Jon Glick Interview

Jon Glick.
Jon Glick is one of the leading experts on search, having literally both wrote the code at leading search engines and later becoming an SEO professional. I remember speaking with him in 2004 at the Ghost Bar in Las Vegas and it was perhaps the most fascinating conversation about search I have ever been part of. I have wanted to interview him for years & just recently was able to. :)

In some past interviews (like this one) you have highlighted how Google's key strength is perhaps brand rather than relevancy. After seeing Yahoo! bow out of the search game do you still hold that same opinion? What do you think of the Bing brand?

Brand is still Google’s strongest competitive asset in search. It means that to get someone to switch you have to be significantly better than they are, which is a tall order. Bing is the first search offering from MSFT that is in the same league with Google, so it’s more about branding and positioning than objective quality at this point. If Bing was a standalone brand they wouldn’t have a chance, but it has the advantage of default positioning in IE, so for now it just has to be close enough that people won’t swap it out. Over time Bing may evolve some interesting differentiation from Google, but that’s not really the case right now (at least it seems to be pressuring Google to experiment/innovate a bit more). It’s been quite a while since using a MSFT product was “cool” and Bing has that drag on its brand.

Some of the new upstarts entering the search game believe that perhaps the thinning of the herd is creating an entry opportunity? Have you checked out Blekko yet? Any other new general search projects interest you?

Google rose to prominence during the dot-com bust when the existing players were quite disinterested in search, since at the time (pre-PPC) it was money loser. Search is so ridiculously lucrative right now that any promising technology that starts to get traction or buzz is likely to be quickly acquired by one of the major players as a blocking measure. Google’s rumored attempt to acquire Cuil for $80MM pre-launch is an example. There is an opportunity, but it’s more about getting bought out for a sweet price than taking down the SEs.

There is also so much manual tuning in search these days that even a great system will take a lot of effort to return great results. “Plumber OR Pipefitter” is a Boolean query, “Portland OR Plumber” is not, and someone’s got to build code to recognize that. This is where the existing players have a huge legacy advantage.

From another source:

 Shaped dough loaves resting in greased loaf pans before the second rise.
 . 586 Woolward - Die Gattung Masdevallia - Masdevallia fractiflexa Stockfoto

Looking at new search technologies I’m very cautious about those that ask users to do more work in return for better results. Search is a low-intensity activity that people don’t really want to learn or spend time on. This is where an approach like WA (that Bing is also aiming towards) looks interesting. We’d all like search to be like the computer from Star Trek that gives you back exactly the answer/data you ask for. The complication with this, beyond the technical issues, is what benefit it has for the webmasters (i.e. why should I let you crawl/index my site). Current SEs take your data for their use, but provide traffic in return, which an answering system would not.

You are one of the few guys who literally wrote the relevancy algorithms & then later worked in the SEO space. Do you consider the roles to be primarily complimentary or adversarial?

So is SEO good or bad for SEs? On the whole I think it’s a benefit for them. From an algo perspective it’s a lot easier to determine the intent of a well SEO’d page. The SEs give webmasters a lot of tools and encourage them to use them because it makes search better. 301 your pages so we know where the content went, let us know what parameters don’t impact page content so we don’t get caught in robot traps, tell us what language your page is in using the metatags so we don’t have to guess, etc. If one of these tools ends up being a net negative, SEs can always change how they treat it (NoFollow), or just start ignoring it all together (Keywords MetaTag). This is not to say that a lot of work doesn’t have to be put into removing spam and factoring out overly aggressive optimization, but it’s a lot less than what they’d need to do if no one SEO’d.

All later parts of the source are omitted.